After suggesting that there’s little point to Hadoop appliances, it occurred to me to look into what kinds of hardware actually are used with Hadoop. So far as I can tell:
- Hadoop nodes today tend to run on fairly standard boxes.
- Hadoop nodes in the past have tended to run on boxes that were light with respect to RAM.
- The number of spindles per core on Hadoop node boxes is going up even as disks get bigger.
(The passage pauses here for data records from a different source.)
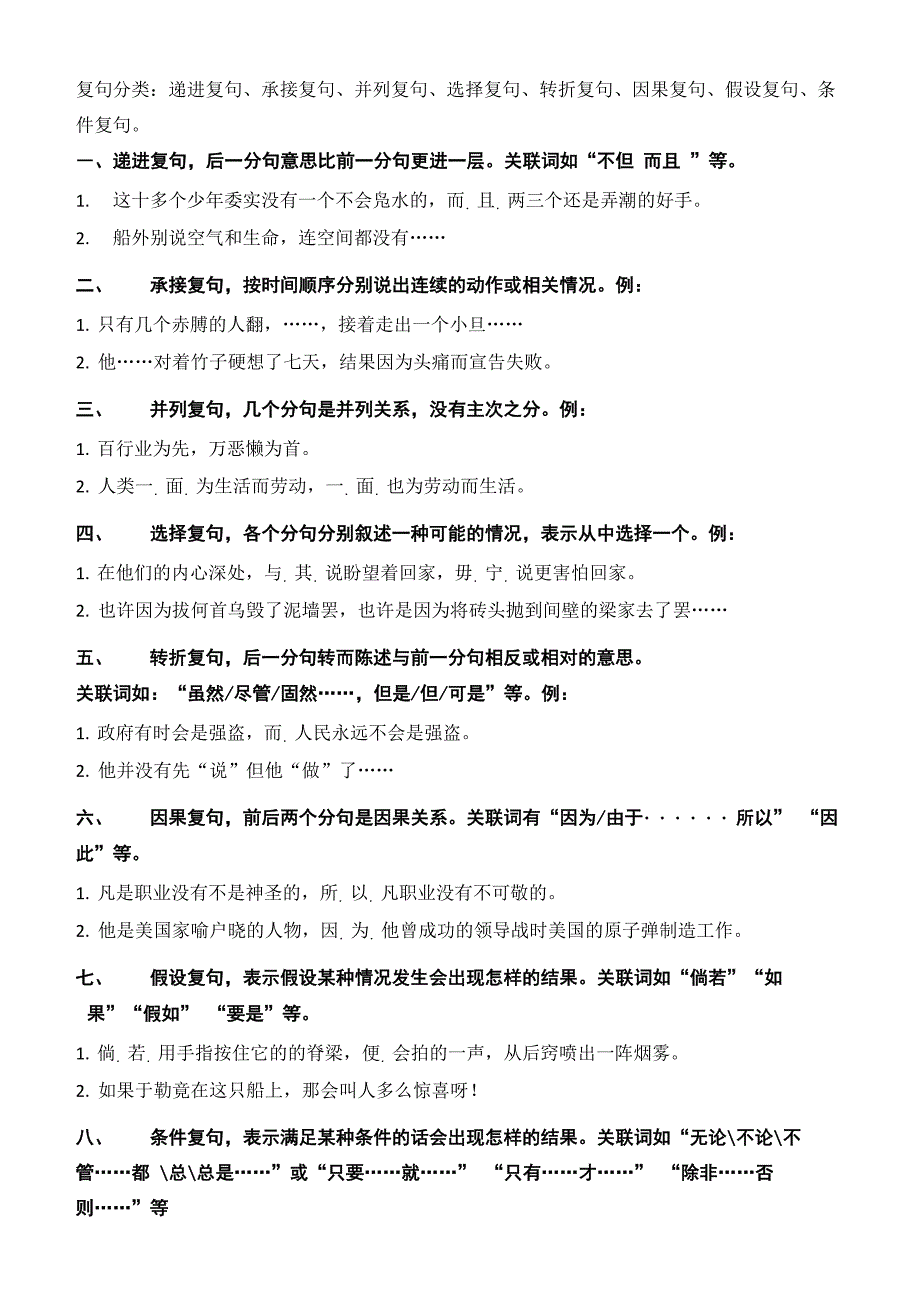 复句知识积累_第1页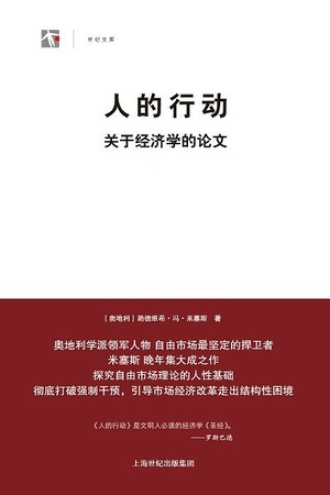《人的行动：关于经济学的论文》PDF|ePub|mobi|azw3电子书下载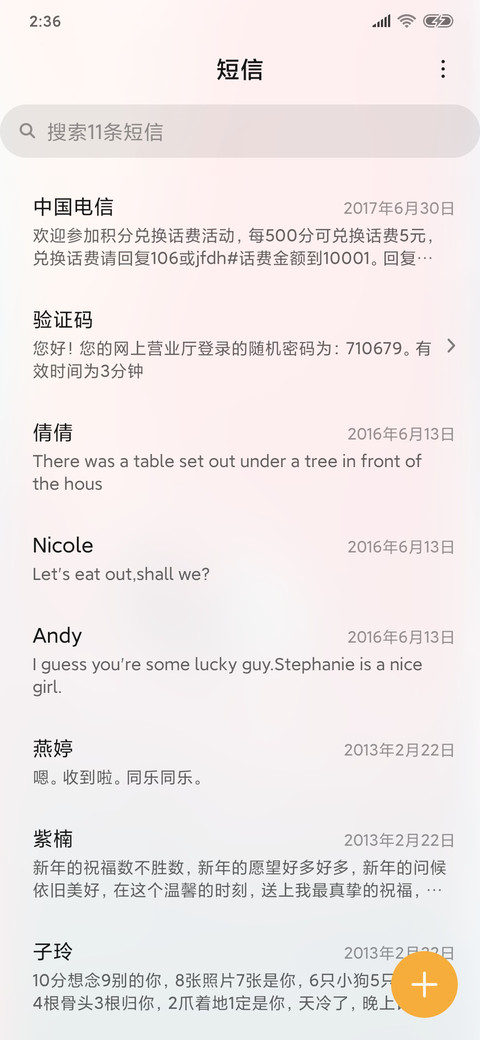 无极之海 screenshot
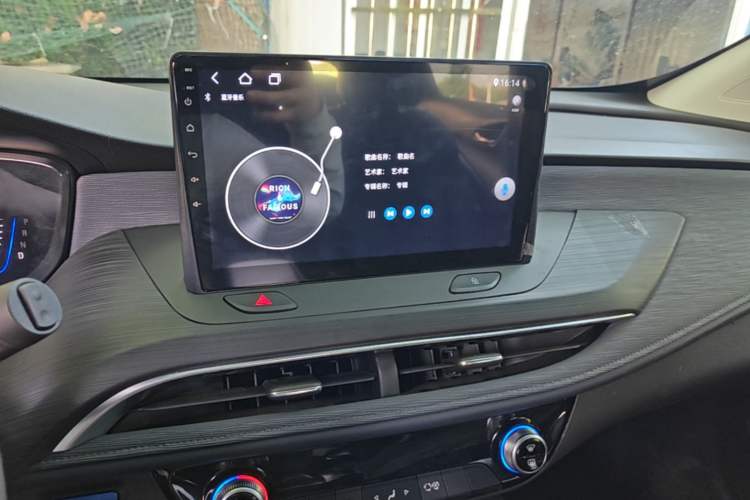 Used Buick Velite 6 2022 Connected Enjoyment PLUS Audio And AC Panel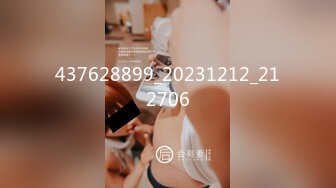 STP28481 91YCM030 约炮约到老婆的闺蜜▌羽婷▌美艳胴体偷腥就是刺激 肏穴更带劲美妙高潮犹豫未尽 VIP0600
A key input comes from Cloudera, who to my joy delegated the questions to Omer Trajman, who wrote:
Most Hadoop deployments today use systems with dual socket and quad or hex cores (8 or 12 cores total, 16 or 24 hyper-threaded). Storage has increased as well with 6-8 spindles being common and some deployments going to 12 spindles. These are SATA disks with between 1TB and 2TB capacity. The amount of RAM varies depending on the application. 24GB is common as is 36GB – all ECC RAM. HBase clusters may have more RAM so they can cache more data. Some customers put Hadoop on their “standard box” which may not be perfectly balanced (e.g. more RAM, less disk) and needs to be altered slightly to meet the above specs. The new Dell C2100 series and the HP SL170 series are both popular server lines for Hadoop.
For a year ago perspective, see this post: http://www.cloudera.com/blog/2010/03/clouderas-support-team-shares-some-basic-hardware-recommendations/
Bullet points from that year-ago link include:
- 4 1TB hard disks in a JBOD (Just a Bunch Of Disks) configuration
- 2 quad core CPUs, running at least 2-2.5GHz
- 16-24GBs of RAM (24-32GBs if you’re considering HBase)
- Gigabit Ethernet
So basically we’re talking in the range of 2-3 GB of RAM per core — and 1 spindle per core, up from perhaps half a spindle per core a year ago.
Meanwhile, a 2009 Yahoo slide deck refers to “500 nodes, 4000 cores, 3TB RAM, 1.5PB disk”; that divides out to 8 cores, 6 GB of RAM, and 3 TB of disk per node, all on “commodity hardware.” By 2010 Yahoo was evidently up to 2 GB of RAM per core.
There are lots of data points on the Apache Hadoop wiki, but many seem a few years old, and I don’t immediately see how to time-stamp them. Overall, they seem consistent with the trends I noted at the top of the post.
One thing I haven’t done is attempted to price any of these systems.
Contributions in the comment thread would be warmly appreciated.